NonMaxSuppression

Versioned name: NonMaxSuppression-5

Category: Sorting and maximization

Short description: NonMaxSuppression performs non maximum suppression of the boxes with predicted scores.

Detailed description: NonMaxSuppression performs non maximum suppression algorithm as described below:

  1. Let B = [b_0,...,b_n] be the list of initial detection boxes, S = [s_0,...,s_N] be the list of corresponding scores.

  2. Let D = [] be an initial collection of resulting boxes.

  3. If B is empty then go to step 8.

  4. Take the box with highest score. Suppose that it is the box b with the score s.

  5. Delete b from B.

  6. If the score s is greater or equal than score_threshold then add b to D else go to step 8.

  7. For each input box b_i from B and the corresponding score s_i, set s_i = s_i * func(IOU(b_i, b)) and go to step 3.

  8. Return D, a collection of the corresponding scores S, and the number of elements in D.

Here func(iou) = 1 if iou <= iou_threshold else 0 when soft_nms_sigma == 0, else func(iou) = exp(-0.5 * iou * iou / soft_nms_sigma) if iou <= iou_threshold else 0.

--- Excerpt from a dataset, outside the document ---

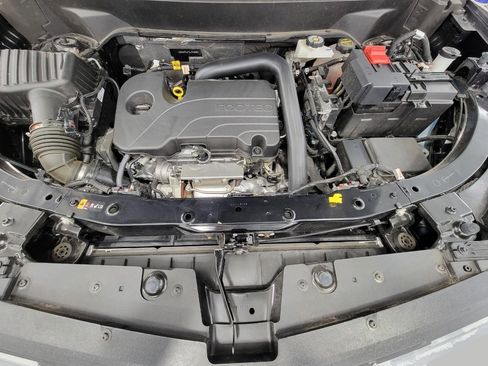 Used 2025 Chevrolet Equinox LT image 7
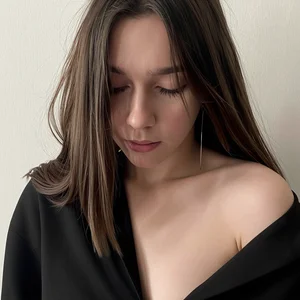 Lesi_Moonie01 I want you to get to know me better Pic 7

This algorithm is applied independently to each class of each batch element. The total number of output boxes for each class must not exceed max_output_boxes_per_class.

Attributes:

  • box_encoding

    • Description: box_encoding specifies the format of boxes data encoding.

    • Range of values: “corner” or “center”

      • corner - the box data is supplied as [y1, x1, y2, x2] where (y1, x1) and (y2, x2) are the coordinates of any diagonal pair of box corners.

      • center - the box data is supplied as [x_center, y_center, width, height].

    • Type: string

    • Default value: “corner”

    • Required: no

  • sort_result_descending

    • Description: sort_result_descending is a flag that specifies whenever it is necessary to sort selected boxes across batches or not.

    • Range of values: true of false

      • true - sort selected boxes across batches.

      • false - do not sort selected boxes across batches (boxes are sorted per class).

    • Type: boolean

    • Default value: true

    • Required: no

  • output_type

    • Description: the output tensor type

    • Range of values: “i64” or “i32”

    • Type: string

    • Default value: “i64”

    • Required: no

Inputs:

  • 1: boxes - tensor of type T and shape [num_batches, num_boxes, 4] with box coordinates. Required.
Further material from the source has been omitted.